Memory makes us human. Without it people are turned into a formless mass that can be shaped into anything the controllers of the past desire. Count Alexander Benckendorff, a Baltic-German nobleman and Russia's first chief of gendarmes under Tsar Nicholas I, advised this approach to history: "Russia's past is admirable; its present more than magnificent; as for its future, it is beyond the grasp of the most daring imagination; it is from this point of view... that Russian history must be conceived and written." The chief of gendarmes was convinced of the correctness of his view. So was Maxim Gorky, the leading Soviet writer under Joseph Stalin, who said: "We must know everything that happened in the past, not in the way it has been written about heretofore; but rather, in the way it appears in the light of the doctrine of Marx-Engels-Lenin-Stalin."

Benckendorff's worthy suggestions seem to have been adopted and grafted onto the Marxist-Leninist-Stalinist doctrine, with the result that the Soviet people were successfully deprived of their social memory. In the decades after the Bolshevik revolution an unparalleled expertise was developed in manipulating the past and controlling history. Not only was the history of the Soviet Union controlled and manipulated; the history of Russia and of the nations which had been part of the Russian empire suffered as well. Soviet textbooks begin the history of the Union of Soviet Socialist Republics, founded in 1922, with the ancient Armenian kingdom of Urartu. Thus, it would seem that the triumphal march to the radiant heights of mature socialism began on the shores of Lake Van in the ninth century B.C.

Many Western historians who verbally reject the official viewpoint of Soviet historiography in fact accept it. They find the sources of the 1917 revolution in the internecine warfare of the Kievan princes, the Tatar yoke, the atrocities of Ivan the Terrible, the cruelties of Peter the Great, the "Conditions" limiting monarchical power that were torn up by Empress Anne in 1730, or the manifesto granting a few liberties to the nobility, signed by the short-lived Tsar Peter III in 1762. Reaching back into the distant past, Soviet historians argue that the dream of socialism was nurtured by the peasants of Yuri Dolgoruky or that Ivan Kalita, the grand duke of Moscow, brought prosperity and prominence to the future capital of the first victorious socialist country in the world.
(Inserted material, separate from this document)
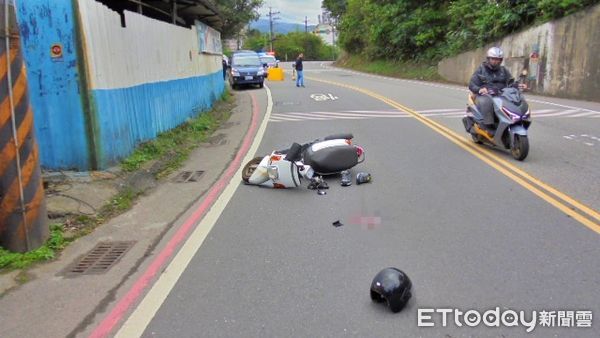▲基隆貨車違規跨越雙黃線超車。（圖／記者郭世賢翻攝）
Similarly turning to the distant past, Western historians draw a direct line from Ivan Vasilievich (Ivan the Terrible) to Joseph Vissarionovich (Stalin), or from Malyuta Skuratov, head of Ivan the Terrible's bodyguard and secret police force, to Yuri Andropov, the longtime head of the KGB who recently headed the Soviet state, thus demonstrating that from the time of the Scythians Russia was inexorably heading toward the October revolution and Soviet power. It was inherent in the national character of the Russian people. Nowhere else, these schol­ars think, would such a thing be possible.

There is no question that historical events affect the lives of nations, not only in the immediate present but over the long term, even for centuries. Clearly in studying history one must take into account many factors: geo­graphical, climatic, and soil conditions, as well as national characteristics and forms of government. Moreover, there are certain similar factors in all modern societies, such as urbanization, industrialization, and demographic cycles.